## To do
As you work through the listing below, copy each line exactly and drop the images.

## Supplied material
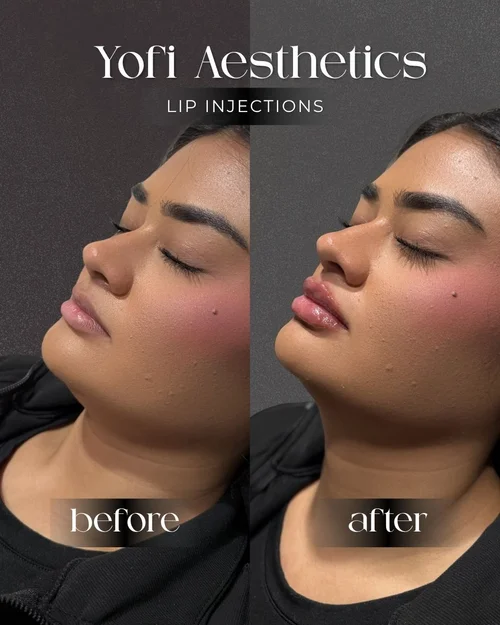 Yofi Aesthetics content creation and social media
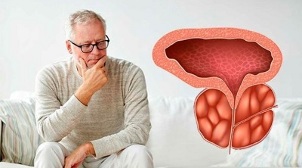 causes of bacterial prostatitis in men
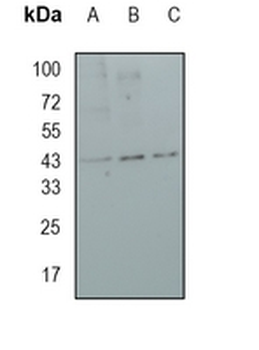 MVD Rabbit Monoclonal Antibody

## Solution for this task
 Yofi Aesthetics content creation and social media
 causes of bacterial prostatitis in men
 MVD Rabbit Monoclonal Antibody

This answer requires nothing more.